Reilly, head of the 70-man White House detail, discovered that after Chicago gangster, Al Capone, was convicted of income tax evasion in 1931, the US Treasury Department had seized the crime boss’s bulletproof 1928 341A Cadillac Town Sedan. It had a whopping curb weight of 9,000 pounds.

Capone’s Cadillac was green with black fenders, making it look identical to the Cadillacs, 85 of them, that were supplied to Chicago police and city officials. However, it had 3,000 pounds of bulletproof armor beneath the standard body. Its windshield and windows were made of recently developed inch thick bullet proof glass.

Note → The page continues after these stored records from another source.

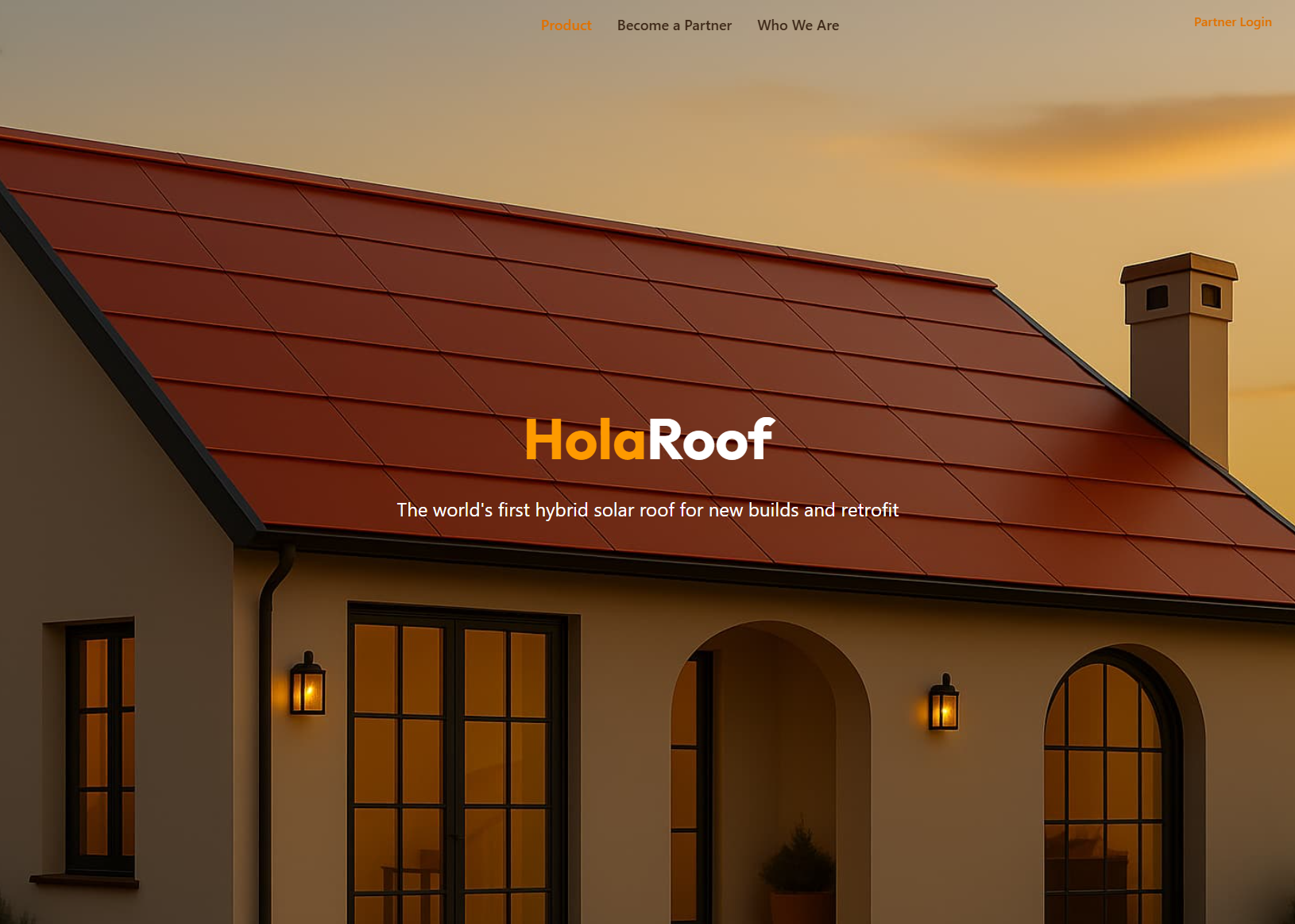 Hero section of the Holaroof public website featuring a residential home with a red hybrid solar roof at sunset. The image highlights the product's aesthetic appeal for new builds and retrofits.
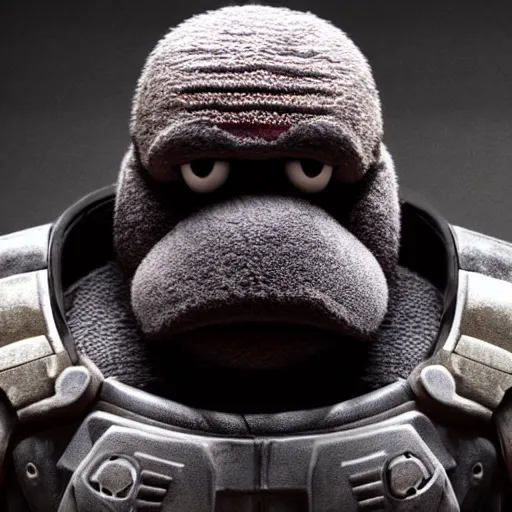 Image similar to kanye west muppet muppet in gears of war, splash art, movie still, detailed face, photorealistic facial features, cinematic lighting, dramatic, octane render, long lens, shallow depth of field, bokeh, anamorphic lens flare, 8 k, hyper detailed, 3 5 mm film grain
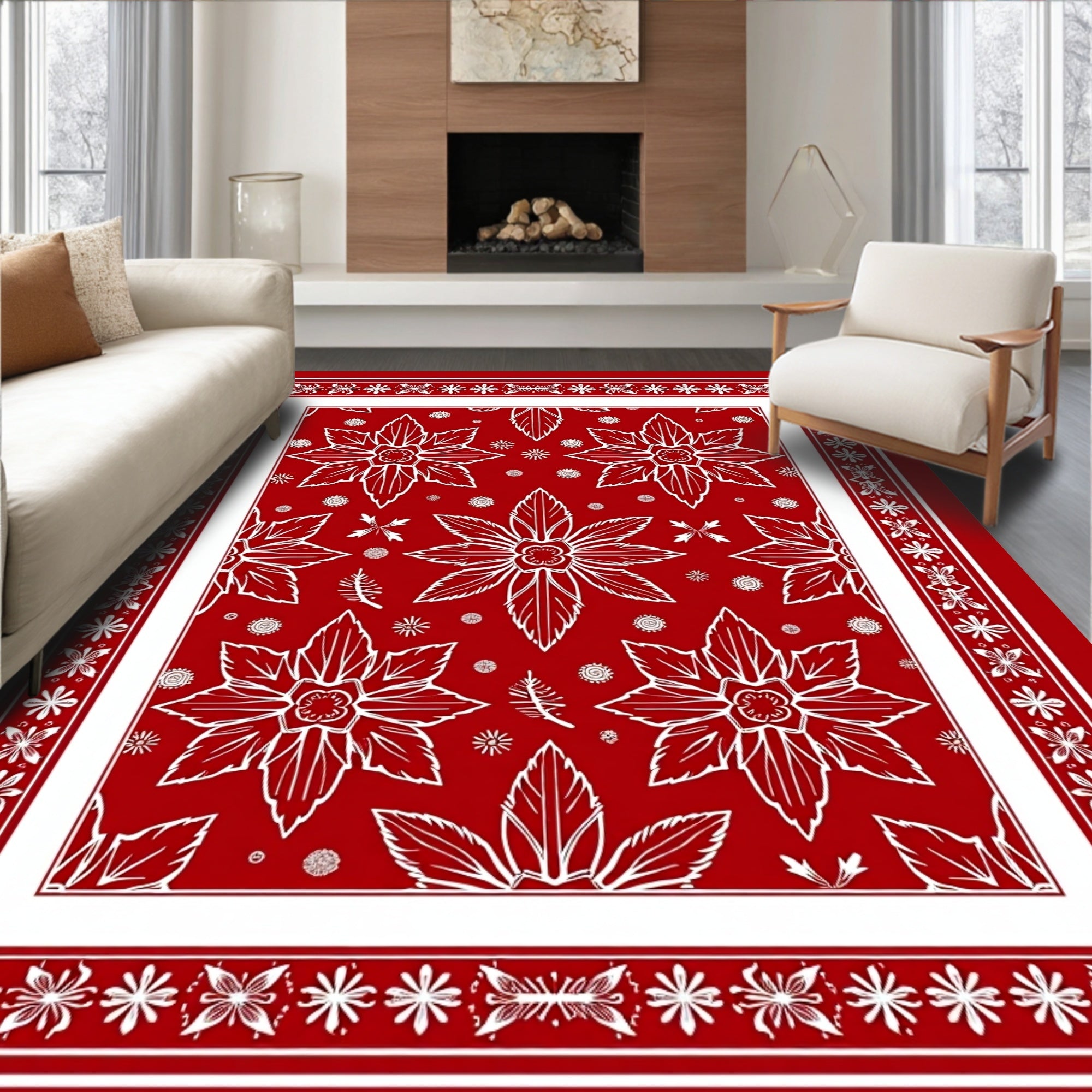 Red Floral Patterned Graphic Design Rug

On December 8, 1941, when Roosevelt left the White House headed for the Capitol to ask Congress to declare a state of war existed with Japan, he made the trip in Capone’s refurbished Cadillac.

Capone and his criminal empire owned several automobiles purchased from Cadillac dealerships in the name of a "Mr. Brown." The 1928 Cadillac the Treasury Department confiscated is believed to have been one of two. The fate of the other possible vehicle is still unknown.